L. Bosland, G. Weber, W. Klein-Hessling, N. Girault, B. Clement
Nuclear Technology | Volume 177 | Number 1 | January 2012 | Pages 36-62
Technical Paper | Reactor Safety | doi.org/10.13182/NT12-A13326
Articles are hosted by Taylor and Francis Online.
The Institut de Radioprotection et de Sûreté Nucléaire (IRSN), France, and the Gesellschaft für Anlagen- und Reaktorsicherheit (GRS), Germany, have been involved in the analyses and modeling of PHEBUS tests and particularly in iodine chemistry behavior in the containment.
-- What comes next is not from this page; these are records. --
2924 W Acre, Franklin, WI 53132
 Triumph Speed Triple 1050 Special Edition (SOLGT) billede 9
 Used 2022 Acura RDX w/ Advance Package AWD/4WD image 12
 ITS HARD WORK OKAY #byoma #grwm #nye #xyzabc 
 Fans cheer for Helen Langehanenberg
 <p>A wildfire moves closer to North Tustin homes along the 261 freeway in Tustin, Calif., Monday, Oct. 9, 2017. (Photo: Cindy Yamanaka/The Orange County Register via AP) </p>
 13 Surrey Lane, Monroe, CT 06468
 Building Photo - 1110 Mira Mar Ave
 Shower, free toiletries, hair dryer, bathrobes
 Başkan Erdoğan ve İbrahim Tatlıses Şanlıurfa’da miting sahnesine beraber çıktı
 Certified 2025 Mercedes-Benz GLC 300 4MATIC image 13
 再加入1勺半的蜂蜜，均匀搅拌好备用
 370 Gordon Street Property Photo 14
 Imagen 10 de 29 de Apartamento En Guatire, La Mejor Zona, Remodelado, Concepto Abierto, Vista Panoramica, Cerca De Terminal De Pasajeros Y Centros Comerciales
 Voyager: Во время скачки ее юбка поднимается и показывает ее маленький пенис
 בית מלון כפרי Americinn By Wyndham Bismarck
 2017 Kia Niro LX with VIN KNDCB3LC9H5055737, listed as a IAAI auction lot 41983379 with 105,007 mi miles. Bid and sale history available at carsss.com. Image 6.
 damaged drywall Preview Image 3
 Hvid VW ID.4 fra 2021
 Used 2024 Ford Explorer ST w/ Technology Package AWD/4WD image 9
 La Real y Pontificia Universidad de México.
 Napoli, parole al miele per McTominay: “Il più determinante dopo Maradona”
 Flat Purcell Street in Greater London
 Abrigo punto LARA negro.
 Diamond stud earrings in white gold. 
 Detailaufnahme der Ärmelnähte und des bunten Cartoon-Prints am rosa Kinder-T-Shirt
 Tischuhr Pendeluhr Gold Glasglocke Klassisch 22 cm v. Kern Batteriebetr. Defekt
To analyze the accuracy of the chemistry models developed and reproduce volatile iodine formation, iodine behavior in PHEBUS FPT-1 containment was modeled by both IRSN and GRS with two different codes: ASTEC and COSOSYS. The ways of modeling (using the ASTEC/IODE and COCOSYS/AIM respective modules) and the nodalization of both approaches are presented and compared, as well as the assumptions made to perform the calculations. The results of the comprehensive analyses are compared with the experimental results, and interpretation of the iodine behavior in the PHEBUS FPT-1 containment is given. Then, a common point of view is concluded that highlights the lack of knowledge for some phenomena of significant impact on the iodine behavior in the containment during a severe accident. Organic iodide and iodine oxide formation models in particular are pointed out for the gaseous phase. The need for improving iodine behavior models including their coupling to thermal hydraulics and aerosol physics is also explained.